Nous avons de gros problèmes en France avec la lutte antiterroriste, dus à l’obnubilation qu’on a du terrorisme. J’ai presque envie de dire que les terroristes sont des criminels comme les autres. Qu’il faut les descendre du piédestal de méchants ultimes sur lequel ils se placent eux-mêmes. Sachant qu’il y a aussi un travail de prévention à faire, qui est essentiel. On se bat avec une main dans le dos en refusant d’impliquer davantage ceux que j’appelle les déçus du jihad, les déserteurs de Daech, parce qu’il y en a beaucoup. Ces gens-là, on s’en méfie, parce qu’on a peur comme de la peste d’agents infiltrés. Ce serait très simple de détecter un agent infiltré qui revient avec de mauvais desseins pour commettre un attentat. Les personnes en voie de radicalisation, c’est presque comme un embrigadement sectaire; il y a un vrai travail de conditionnement qui commence, d’ailleurs, par des images de violence, d’horreur sur les réseaux sociaux. Pas seulement de l’EI, aussi les images de victimes de la répression du régime. Ensuite, ils entament un cheminement de radicalisation. Les gens qui rejoignent Daech se construisent une vision du monde parallèle qui a sa cohérence interne, mais qui n’a plus grand-chose à voir avec le monde. Ils suivent énormément l’actualité par exemple, mais vont interpréter chaque nouvelle comme la confirmation de leur théorie du monde, de telle ou telle prophétie.
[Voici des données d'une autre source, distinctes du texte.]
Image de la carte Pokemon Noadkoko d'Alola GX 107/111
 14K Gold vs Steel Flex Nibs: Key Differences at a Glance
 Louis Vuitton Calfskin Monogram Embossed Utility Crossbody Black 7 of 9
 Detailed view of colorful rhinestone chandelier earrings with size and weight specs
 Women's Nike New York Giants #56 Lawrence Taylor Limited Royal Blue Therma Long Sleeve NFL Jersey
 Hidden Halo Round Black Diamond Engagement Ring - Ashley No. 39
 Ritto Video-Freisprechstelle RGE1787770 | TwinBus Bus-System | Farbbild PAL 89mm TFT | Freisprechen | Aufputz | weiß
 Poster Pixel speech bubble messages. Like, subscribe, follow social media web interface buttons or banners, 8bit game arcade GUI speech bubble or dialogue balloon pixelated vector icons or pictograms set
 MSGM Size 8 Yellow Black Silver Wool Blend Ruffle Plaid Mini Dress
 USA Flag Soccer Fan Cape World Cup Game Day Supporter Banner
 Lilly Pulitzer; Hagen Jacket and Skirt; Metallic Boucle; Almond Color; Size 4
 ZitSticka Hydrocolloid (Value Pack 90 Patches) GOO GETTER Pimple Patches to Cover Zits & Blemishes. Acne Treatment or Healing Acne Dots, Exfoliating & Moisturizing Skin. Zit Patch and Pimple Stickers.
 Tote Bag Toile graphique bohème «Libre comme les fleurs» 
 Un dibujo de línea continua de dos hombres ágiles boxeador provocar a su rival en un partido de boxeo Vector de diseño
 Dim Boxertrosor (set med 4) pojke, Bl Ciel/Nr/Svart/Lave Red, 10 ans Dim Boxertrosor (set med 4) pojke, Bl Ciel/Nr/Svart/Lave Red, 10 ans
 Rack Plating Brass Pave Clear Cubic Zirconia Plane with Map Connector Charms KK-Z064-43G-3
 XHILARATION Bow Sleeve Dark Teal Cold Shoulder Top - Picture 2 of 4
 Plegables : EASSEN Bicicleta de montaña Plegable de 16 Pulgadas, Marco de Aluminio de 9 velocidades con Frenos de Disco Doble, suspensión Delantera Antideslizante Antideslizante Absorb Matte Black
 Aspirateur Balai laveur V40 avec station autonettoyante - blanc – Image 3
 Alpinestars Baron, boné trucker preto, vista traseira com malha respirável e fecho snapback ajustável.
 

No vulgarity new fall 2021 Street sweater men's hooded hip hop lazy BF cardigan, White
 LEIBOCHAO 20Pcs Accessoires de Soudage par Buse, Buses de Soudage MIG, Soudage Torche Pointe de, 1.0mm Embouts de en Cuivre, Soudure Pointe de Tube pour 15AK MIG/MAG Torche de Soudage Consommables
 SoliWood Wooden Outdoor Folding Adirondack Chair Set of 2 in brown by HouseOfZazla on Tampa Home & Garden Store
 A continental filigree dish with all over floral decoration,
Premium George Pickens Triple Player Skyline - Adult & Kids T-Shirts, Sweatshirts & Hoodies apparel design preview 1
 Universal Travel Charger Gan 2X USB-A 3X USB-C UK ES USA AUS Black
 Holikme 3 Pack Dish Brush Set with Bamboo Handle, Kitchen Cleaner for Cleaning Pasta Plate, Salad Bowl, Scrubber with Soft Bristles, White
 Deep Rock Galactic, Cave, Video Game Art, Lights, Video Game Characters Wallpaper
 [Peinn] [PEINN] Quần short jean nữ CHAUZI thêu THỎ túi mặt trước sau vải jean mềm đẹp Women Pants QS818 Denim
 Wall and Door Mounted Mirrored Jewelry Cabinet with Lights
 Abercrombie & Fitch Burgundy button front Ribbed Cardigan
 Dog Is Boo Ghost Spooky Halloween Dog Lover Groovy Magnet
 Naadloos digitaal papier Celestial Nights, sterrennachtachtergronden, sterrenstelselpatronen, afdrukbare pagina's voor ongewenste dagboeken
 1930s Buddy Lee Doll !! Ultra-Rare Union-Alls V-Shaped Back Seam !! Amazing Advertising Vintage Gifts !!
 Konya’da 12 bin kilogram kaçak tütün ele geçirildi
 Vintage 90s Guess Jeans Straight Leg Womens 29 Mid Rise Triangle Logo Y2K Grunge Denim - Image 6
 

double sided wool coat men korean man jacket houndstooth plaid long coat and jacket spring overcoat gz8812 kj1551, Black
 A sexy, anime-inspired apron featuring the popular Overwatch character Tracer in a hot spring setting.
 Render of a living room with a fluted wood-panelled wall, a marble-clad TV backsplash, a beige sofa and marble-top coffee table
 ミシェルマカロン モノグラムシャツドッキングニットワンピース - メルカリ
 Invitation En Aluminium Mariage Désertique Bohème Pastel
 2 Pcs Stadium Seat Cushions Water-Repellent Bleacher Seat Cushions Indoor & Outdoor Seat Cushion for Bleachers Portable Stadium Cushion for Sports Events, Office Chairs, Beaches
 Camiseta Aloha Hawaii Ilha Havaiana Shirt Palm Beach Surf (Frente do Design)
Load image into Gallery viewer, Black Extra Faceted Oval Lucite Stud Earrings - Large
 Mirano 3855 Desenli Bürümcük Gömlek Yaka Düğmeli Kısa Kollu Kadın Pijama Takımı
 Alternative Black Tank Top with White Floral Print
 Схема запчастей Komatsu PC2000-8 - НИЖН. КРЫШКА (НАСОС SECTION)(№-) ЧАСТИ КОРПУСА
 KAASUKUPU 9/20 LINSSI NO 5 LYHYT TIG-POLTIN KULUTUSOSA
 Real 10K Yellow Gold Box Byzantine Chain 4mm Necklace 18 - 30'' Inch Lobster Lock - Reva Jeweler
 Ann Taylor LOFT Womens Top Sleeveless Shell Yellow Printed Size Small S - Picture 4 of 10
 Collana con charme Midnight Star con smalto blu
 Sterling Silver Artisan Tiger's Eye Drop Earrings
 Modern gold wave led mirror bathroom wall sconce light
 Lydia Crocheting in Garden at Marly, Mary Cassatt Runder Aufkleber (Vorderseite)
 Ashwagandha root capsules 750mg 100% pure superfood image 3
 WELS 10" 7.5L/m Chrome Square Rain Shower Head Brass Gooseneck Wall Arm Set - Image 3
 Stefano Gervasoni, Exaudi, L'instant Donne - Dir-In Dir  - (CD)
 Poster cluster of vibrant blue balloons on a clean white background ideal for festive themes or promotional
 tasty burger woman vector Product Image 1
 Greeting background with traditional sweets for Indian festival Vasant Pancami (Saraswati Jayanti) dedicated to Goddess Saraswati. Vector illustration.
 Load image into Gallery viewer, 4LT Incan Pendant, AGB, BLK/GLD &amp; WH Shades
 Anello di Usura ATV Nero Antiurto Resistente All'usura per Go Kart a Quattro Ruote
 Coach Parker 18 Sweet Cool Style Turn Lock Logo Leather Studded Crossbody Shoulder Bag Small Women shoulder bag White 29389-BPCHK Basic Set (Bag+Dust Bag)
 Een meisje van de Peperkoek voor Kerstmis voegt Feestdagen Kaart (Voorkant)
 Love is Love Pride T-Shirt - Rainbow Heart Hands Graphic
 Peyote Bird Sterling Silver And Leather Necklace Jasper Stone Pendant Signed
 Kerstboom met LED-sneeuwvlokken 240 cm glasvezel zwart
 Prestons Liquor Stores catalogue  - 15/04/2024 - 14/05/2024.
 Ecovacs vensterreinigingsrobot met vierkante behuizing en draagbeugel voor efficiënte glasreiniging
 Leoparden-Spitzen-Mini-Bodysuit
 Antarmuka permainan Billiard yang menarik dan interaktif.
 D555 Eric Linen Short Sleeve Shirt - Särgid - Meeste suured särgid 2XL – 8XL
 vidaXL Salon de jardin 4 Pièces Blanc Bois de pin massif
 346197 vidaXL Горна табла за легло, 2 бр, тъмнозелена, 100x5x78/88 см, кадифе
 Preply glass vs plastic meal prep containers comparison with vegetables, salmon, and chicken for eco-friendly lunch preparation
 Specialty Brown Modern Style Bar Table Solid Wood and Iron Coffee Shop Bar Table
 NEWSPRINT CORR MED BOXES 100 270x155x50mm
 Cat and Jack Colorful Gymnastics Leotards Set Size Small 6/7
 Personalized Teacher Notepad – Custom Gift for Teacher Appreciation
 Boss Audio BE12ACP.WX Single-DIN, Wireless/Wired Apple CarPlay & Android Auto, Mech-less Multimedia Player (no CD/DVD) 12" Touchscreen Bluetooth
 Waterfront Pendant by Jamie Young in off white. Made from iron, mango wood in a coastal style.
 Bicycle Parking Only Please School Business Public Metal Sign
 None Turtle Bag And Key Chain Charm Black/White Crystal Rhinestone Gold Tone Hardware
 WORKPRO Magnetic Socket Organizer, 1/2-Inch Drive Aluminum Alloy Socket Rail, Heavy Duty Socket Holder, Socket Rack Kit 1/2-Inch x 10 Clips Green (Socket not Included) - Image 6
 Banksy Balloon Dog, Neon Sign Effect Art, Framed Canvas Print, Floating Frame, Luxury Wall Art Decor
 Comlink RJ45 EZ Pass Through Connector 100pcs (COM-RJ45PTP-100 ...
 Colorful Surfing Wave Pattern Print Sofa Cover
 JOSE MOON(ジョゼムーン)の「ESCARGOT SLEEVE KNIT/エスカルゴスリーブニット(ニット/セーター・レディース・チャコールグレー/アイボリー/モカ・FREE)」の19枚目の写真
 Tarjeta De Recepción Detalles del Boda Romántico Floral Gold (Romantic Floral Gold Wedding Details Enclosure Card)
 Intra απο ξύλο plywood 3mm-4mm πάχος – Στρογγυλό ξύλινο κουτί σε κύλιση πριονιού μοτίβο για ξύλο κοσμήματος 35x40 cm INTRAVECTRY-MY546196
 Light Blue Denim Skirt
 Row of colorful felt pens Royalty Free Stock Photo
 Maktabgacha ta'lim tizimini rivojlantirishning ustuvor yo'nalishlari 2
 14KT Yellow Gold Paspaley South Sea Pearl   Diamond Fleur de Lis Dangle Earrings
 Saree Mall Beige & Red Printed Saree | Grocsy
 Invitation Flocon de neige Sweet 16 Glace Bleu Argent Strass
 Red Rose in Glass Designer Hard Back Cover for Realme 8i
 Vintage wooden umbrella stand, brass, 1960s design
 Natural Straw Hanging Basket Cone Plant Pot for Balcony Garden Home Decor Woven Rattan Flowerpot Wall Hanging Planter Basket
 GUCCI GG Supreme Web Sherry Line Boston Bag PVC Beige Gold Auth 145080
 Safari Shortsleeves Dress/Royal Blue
Y a-t-il un profil type du jihadiste?
C’est l’énorme difficulté des services de renseignements. Il y a quelques constantes, mais pas de profil type. La détection des candidats au jihad est extrêmement difficile. Il y a des gens qui sont des no-life, des paumés, sans emploi, des jeunes, des vieux, des femmes, des hommes, des chrétiens, des musulmans, même quelques juifs, des gens qui ont une bonne situation, un bon boulot, une famille… Daech recrute large, il ne fait aucune discrimination à l’embauche. Chacun a sa chance. Ils ont un message qui consiste à dire: «Personne ne t’aimait, nous on t’aimera, tu n’as pas de vie, nous on te donne un destin, tu n’as pas de pouvoir, on va t’en donner, tu auras une arme et tu pourras tuer, tu vas devenir quelqu’un». Beaucoup de jihadistes partent avec une réelle sincérité, le sentiment sûrement très naïf qu’ils vont pouvoir aider dans une démarche quasiment humanitaire. Une fois sur place, ils se rendent compte de tous les mensonges, à commencer par le fait que Daech ne combat pas le régime, ne protège pas les populations et tue avant tout les musulmans. Qui mieux que les déserteurs de Daech pour aller porter ce discours? On a besoin de mettre en avant des gens qui sont rentrés il y a trois mois de Syrie et qu’ils aillent dans les mosquées, dans les écoles, dans les prisons, dire que Daech c’est de l’arnaque. Pour le moment, le message que l’on n’arrive pas à démonter, c’est «le jihad c’est cool».

Propos recueillis par Jenny Saleh
 

Les autres projets en chantier
Pris dans la promotion de son livre, Jihad Academy, qui aura été publié en trois langues, Nicolas Hénin fourmille de projets. Il va notamment reprendre le blog d’Ignace Leverrier, Un œil sur la Syrie, avec le fils du diplomate, Frantz. A cela s’ajoutent deux projets d’ouvrages qui lui tiennent à cœur. «Il y a un travail d’enquête, qui est à l’intersection de la géopolitique et de la société française et qui est aussi un cri du cœur contre quelque chose que je déteste, à savoir le populisme», confie Hénin. «Et puis une B.D. de reportage sur l’histoire d’un migrant syrien, pour faire comprendre aux Français, à quel point les migrants et même les réfugiés politiques sont une chance». «Ce sont des gens qui ont prouvé leur courage par leurs prises de position politique d’abord, qui les ont poussés à quitter leurs pays, et puis par leur parcours d’exil, qui est en général semé d’embûches». Cette B.D. relatera «l’histoire d’un jeune migrant syrien très courageux et très méritant que j’ai retrouvé en France et dont je raconte l’histoire en Syrie et en France. C’est une biographie d’une personne réelle. Il a un parcours tout à fait exceptionnel, sa famille aussi, et cela dit beaucoup à la fois sur la révolution syrienne».